My own practice for the past (too many to recall) years has always been dig in
the point on metal / conductive surfaces. We have also done contact discharge
to plastic surfaces such as control panels and displays because that is where
people will touch the product, though for that test we won't dig in the point.
Then we do air discharge on plastic surfaces, but tend to have the approach
start over plastic surfaces, then repeat with the approach over metal surfaces
heading toward the plastic. Found lots of leakage at the interfaces between
the two materials that way.
With regard to painted surfaces, I have used epoxy-based paints that are
virtually invulnerable to the ESD gun's point. Then I have used other paints
that scratch just by looking at them,
Scott
Philo Beddo wrote:
I've had customers state that painted surfaces are insluative.
I generally disagree. But, there is a point buried in there.

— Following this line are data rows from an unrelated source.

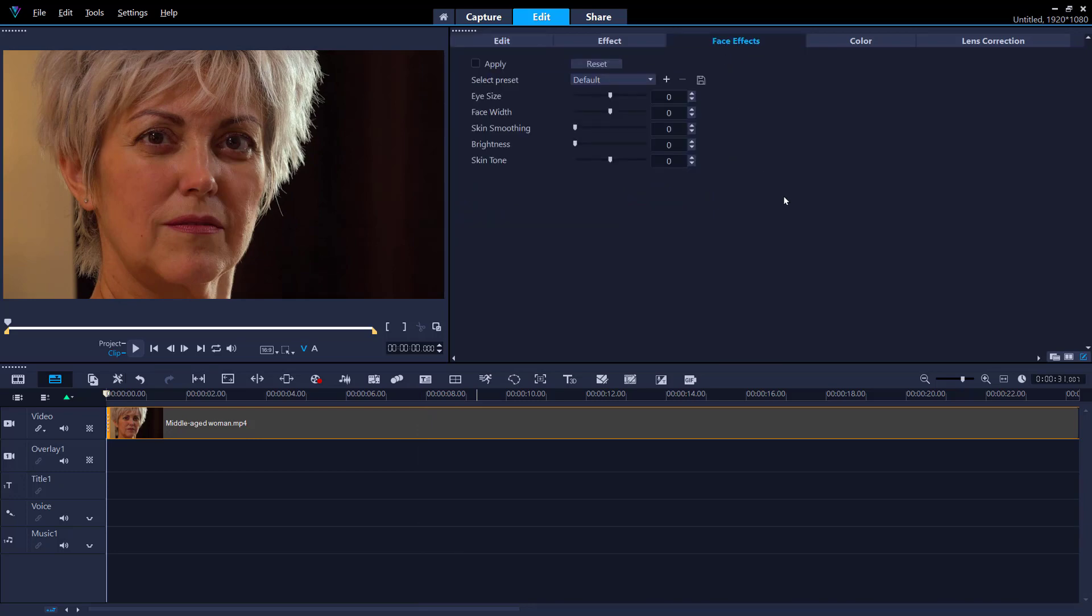Here there are several different features you can adjust: eye size, face width, skin smoothing, brightness, and skin tone.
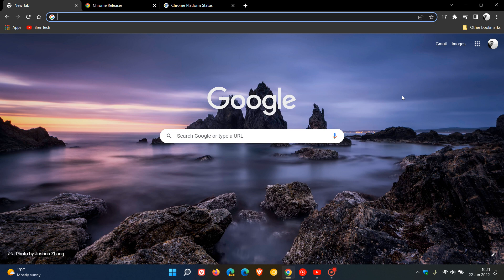Brent Tech here, where tech is made simple. We have a new version of the Google Chrome web browser for desktop, version 103, which is the latest stable release and started rolling out on June 21st, 2022.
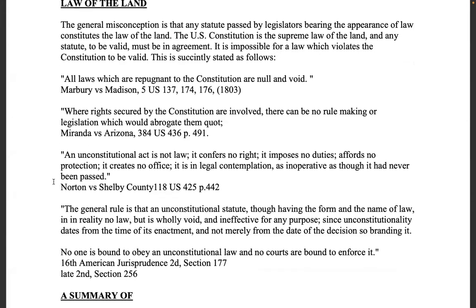'Where rights secured by the constitution are involved, there can be no rule making or legislation which would abrogate them' — Miranda v. Arizona. It used to be required that a police officer read you your rights before any interaction, but that was later overruled by appellate courts, contrary to stare decisis — Latin for 'what has been decreed.' In common law, judges don't have the right to do anything but follow what has already been decided in previous rulings. Through their admiralty law court system they took away your Miranda rights.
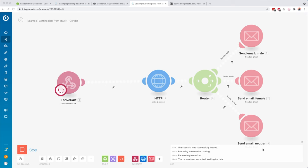If we had a name where the probability is very low, it would follow down the fallback route and send the gender-neutral email. I hope this helps you understand how you can get data from an API into Integromat and use it inside other modules and filters. If you have any questions just let me know in the comments below. I also created a really cool Integromat course — if you want to learn everything about Integromat, check the link in the description below.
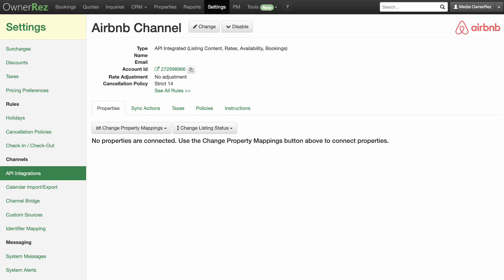Back on the Airbnb channel page, click on the Properties tab in the middle of the page if it isn't showing already. This is the dashboard in OneRez for your Airbnb API integration. This page will show you the status of your properties, the Airbnb listings connected to them, and when OneRez and Airbnb last communicated.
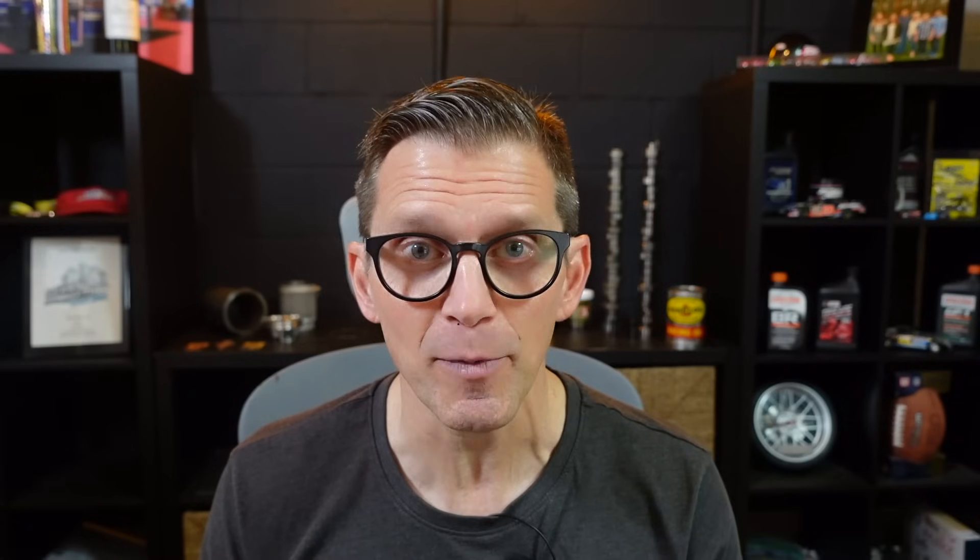Thank you so much for being a Speed Diagnostics customer. In this video, I'm going to show you the new way of registering your sample. That's right. The RECAPTCHA to prove you're human is gone, replaced with a much easier to use form. So let's get right into those details.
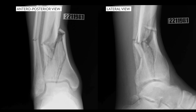Now let's take a look at the conventional radiographs of the ankle. You can see an AP and lateral view of the ankle, and if you analyze it critically, you can see that the fibular fracture is transverse and simple.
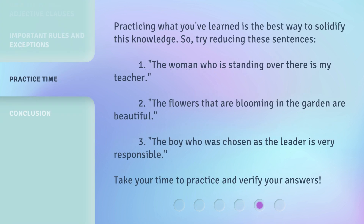Practicing what you've learned is the best way to solidify this knowledge. So, try reducing these sentences: 1. The woman who is standing over there is my teacher. 2. The flowers that are blooming in the garden are beautiful. 3. The boy who was chosen as the leader is very responsible. Take your time to practice and verify your answers.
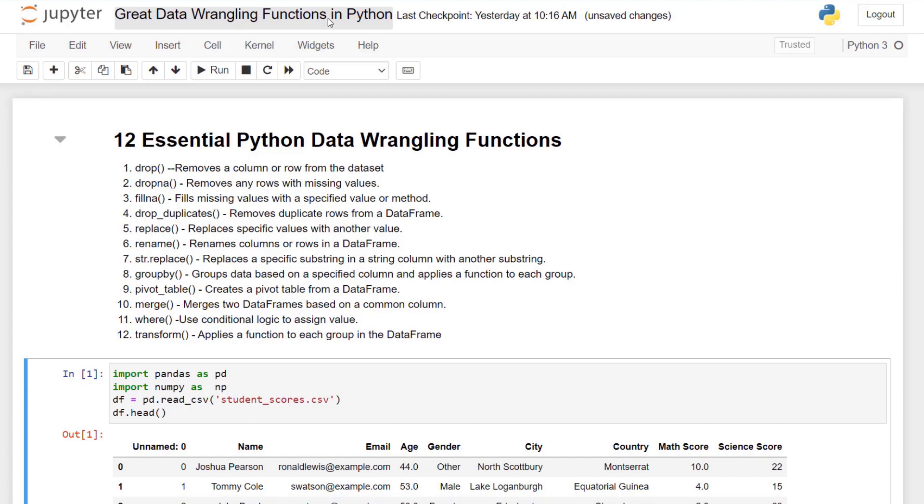Hi, I'm going to take you through some data wrangling functions in Python that allow you to get your data in great shape for analysis, machine learning, or any other requests you may get. These functions span dropping or renaming values, filling missing values, dropping duplicates, replacing, grouping your data, merging your data, using conditionals, and using more interesting functions like transform. So let's dive right in.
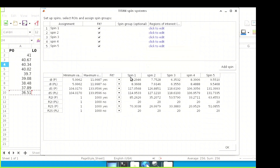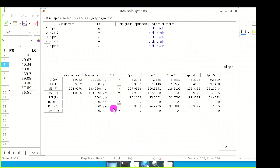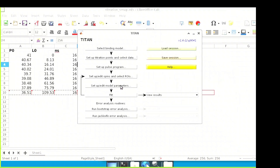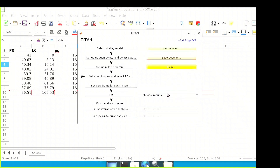Return to the spin editor and turn on fitting of bound chemical shifts and all line widths. Similarly, turn on fitting of the model parameters KD and KOFF. Now run the fitting process again using all the spectra.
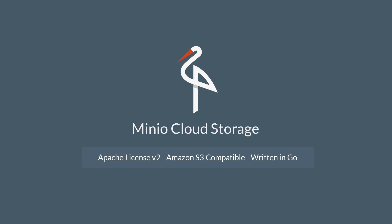Hello viewers, in this videocast we will perform basic operations on Amazon S3 using Minio client.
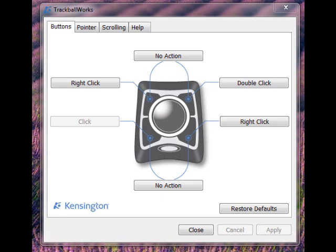This is called TrackBall Works and it's basically the same sort of thing as what we used to get with these trackballs. I thought I'd just briefly show you what it's all about and how it works. You don't really need me to tell you — it's very self-explanatory. So download the software, install it onto your hard drive, and then when you open it up, this is what you'll see.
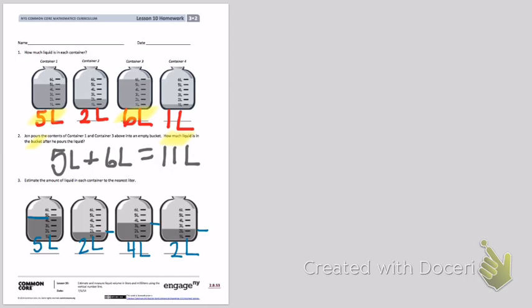Go back and check that every time you marked liters, you marked it as a capital L.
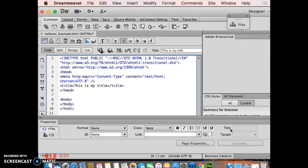Rollovers in Dreamweaver are super simple. One message box, tell it what picture to be first, what picture goes second, and what link it's going to go to when I hover over it.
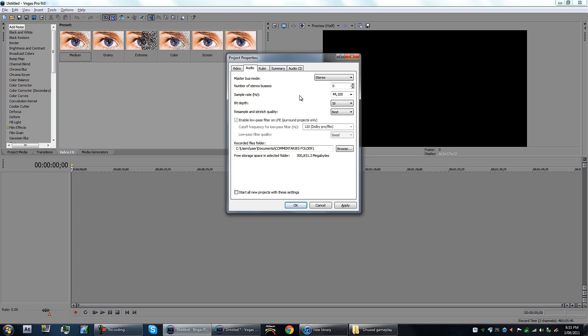You want this on 16, not 24. I think it defaults to 8, so keep that at 16. Resample and stretch quality, you want that best, otherwise when you slow down a certain part that'll be really annoying.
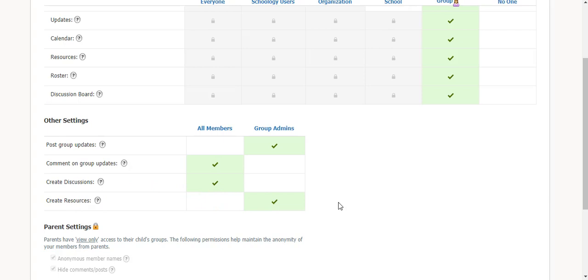And the create resources, you really have to think again of the purpose of your group. If this is a PLC where you guys are sharing resources with each other, then you might want to have all members be able to create resources and share them.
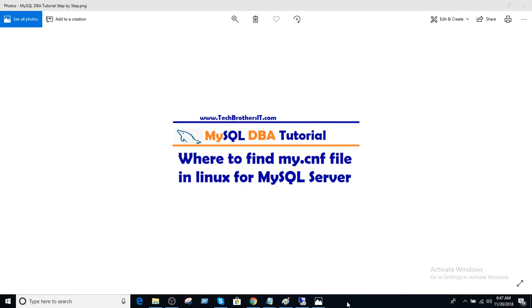Welcome to Tech Brothers with Amir. In this video we are going to learn how to find my.cnf file in Linux for MySQL server.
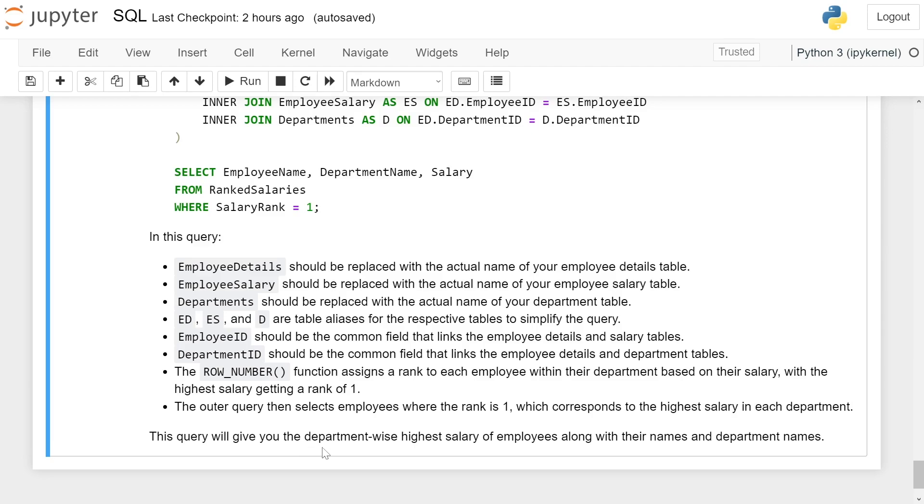This query will give you the department-wise highest salary of employees along with their names and department names.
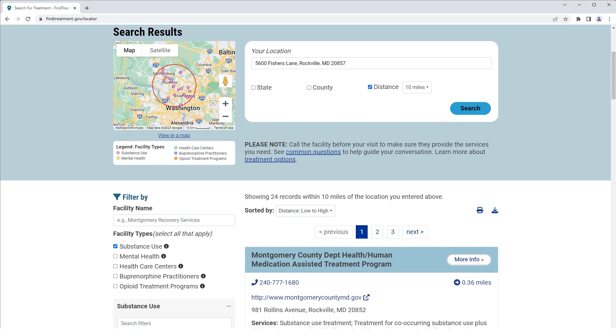The selected distance limited our search radius to within 10 miles of the center of the search. At the top right corner of the Facility Search Results section, click the Download icon.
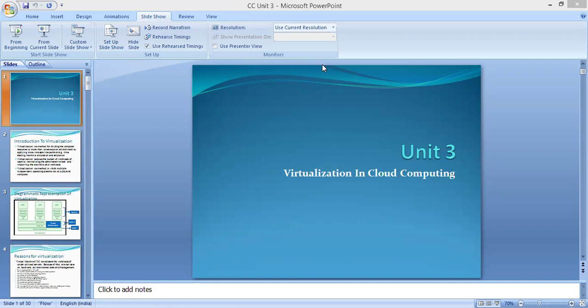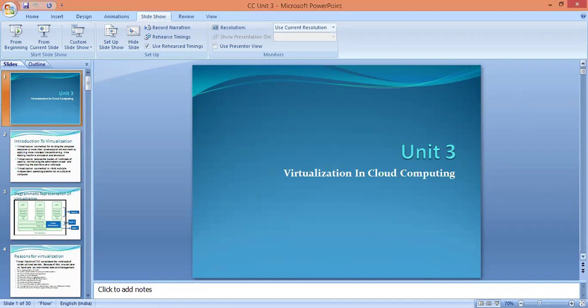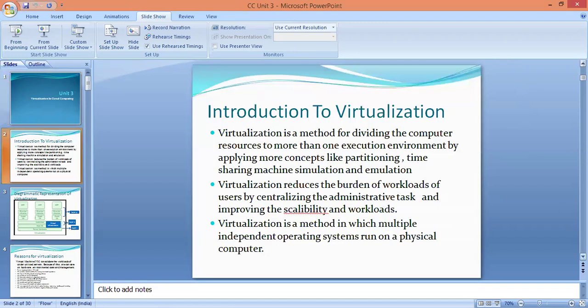Hello, this is me. I'm Farhana Tazi from the Computer Department. Today I'll be teaching a topic of virtualization, which is in cloud computing. Basically, what is virtualization and why we need virtualization — I'll be covering these topics today.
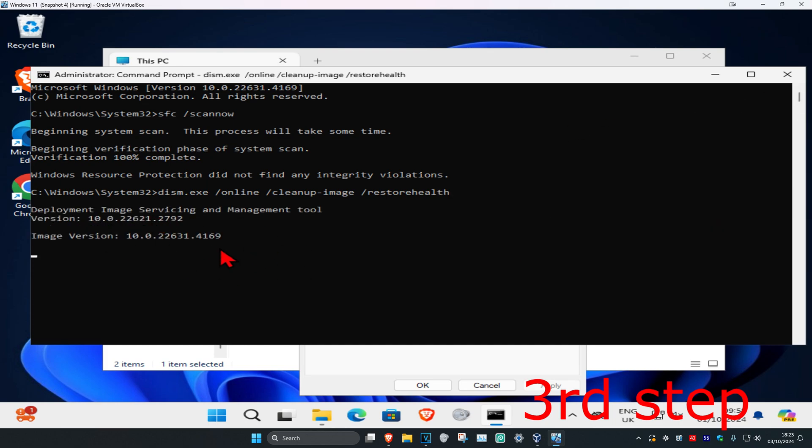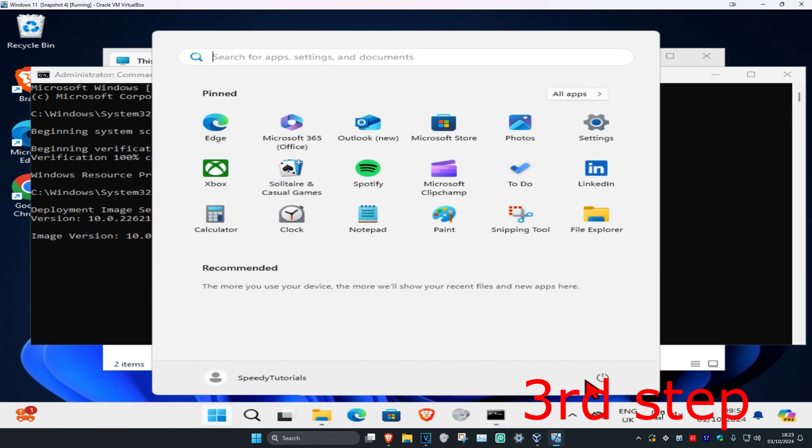You want to run this scan as well. Now once this scan has been completed, you just want to restart your computer and then the problem should be fixed.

What is the dielectrict with-stand of the painted surface? AND how
does the
product's ESD immunity differ in either case?
ASH
----- Original Message ----
From: Derek Walton <[email protected]> <mailto:[email protected]>
To: "Grasso, Charles" <[email protected]>
<mailto:[email protected]>
Cc: John Woodgate <[email protected]>
<mailto:[email protected]> ;
[email protected]
Sent: Friday, May 22, 2009 12:08:53 PM
Subject: Re: [PSES] ESD testing
Hi Chas,
This is how I interpret the standard. Somewhere I recall if painted
surfaces
can be penetrated by the point, then Contact also applies.
Cheers,
Derek.
Grasso, Charles wrote:
The ESD standard is perfectly clear (at least to me) - The
product
is tested using contact discharge for conductive surfaces AND
air discharge
on insulating surfaces.
I don't perceive an interpretation issue.
If your product is a object constructed entirely of a
conductive material -
contact discharge only applies. Similarly if
the product is an object constructed entirely of an insulator
then only
air discharge applies. If your product has combinations of both
- then
both types of discharges apply.
Is this reasoning flawed??
-----Original Message-----
From: [email protected] [mailto:[email protected]] On Behalf Of
John
Woodgate
Sent: Friday, May 22, 2009 7:50 AM
To: [email protected]
Subject: Re: [PSES] ESD testing
In message
<[email protected]>
<mailto:[email protected]> ,
dated Fri, 22 May 2009, Kate Savo <[email protected]>
<mailto:[email protected]> writes:
Safety/EMC Standards frequently omit the "and" in a
list of items such as
you excerpted here from 61000-4-2 - they only put an "or" in where they truly
mean it to be interpreted as such.
The "and" is implied and Contact ESD must be done on
all conductive
surfaces, and Air ESD on all insulating surfaces. If your product has both
surface types, you should not omit either test scenario. Your local EMC/ESD
lab should confirm this.
I do not support that interpretation. If the list just said:
- air discharge;
- contact discharge
to conductive surfaces, conducting planes and insulating
surfaces.
then 'and' might be inferred. But in fact, the inclusion of
further words,
defining the surfaces to which the two types of discharge shall be applied,
excludes such an inference:
a) contact discharge to the conductive surfaces and coupling
planes;
b) air discharge at insulating surfaces.